Explain the quadratic dependence on sparsity in CNN sample complexity

Derive a theoretical explanation for why the sample complexity P*_CNN of Convolutional Neural Networks trained to learn the Sparse Random Hierarchy Model scales quadratically with the sparsity parameter (s0+1), despite each shared weight being connected to a fraction of the input that is independent of the hierarchy depth L. Establish principled conditions under which P*_CNN ∝ (s0+1)^2 n_c m^L arises from weight sharing and spatial sparsity of informative features in the SRHM.

Background

The paper empirically finds distinct sample complexity scalings for Locally Connected Networks (LCNs) and Convolutional Neural Networks (CNNs) on the Sparse Random Hierarchy Model (SRHM). For LCNs, P* scales as (s0+1)L n_c mL, while for CNNs it scales as (s0+1)2 n_c mL, suggesting a substantial benefit of weight sharing under sparsity.

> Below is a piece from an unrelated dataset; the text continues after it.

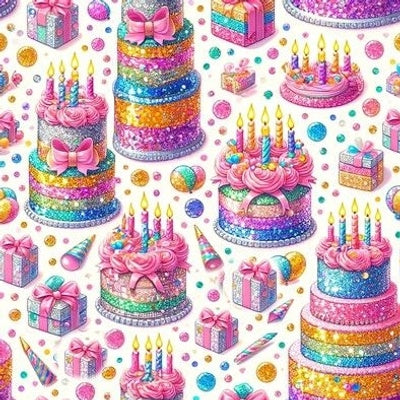 Preppy Birthday Party Cake Glitter Bomb preorder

While a heuristic argument is presented that justifies the exponential dependence on (s0+1) for LCNs via reduced local informative signal frequency, the corresponding quadratic scaling for CNNs remains unexplained within the paper. Clarifying the mechanism behind this quadratic dependence is necessary to complete the theoretical understanding of how weight sharing interacts with spatial sparsity in hierarchical generative tasks.

References

Qualitatively, the same scenario holds for CNNs. One expects a different sample complexity since each weight is now connected to a fraction of the input that is independent of $L$. Yet, the quadratic dependence on $s_0+1$ remains to be understood.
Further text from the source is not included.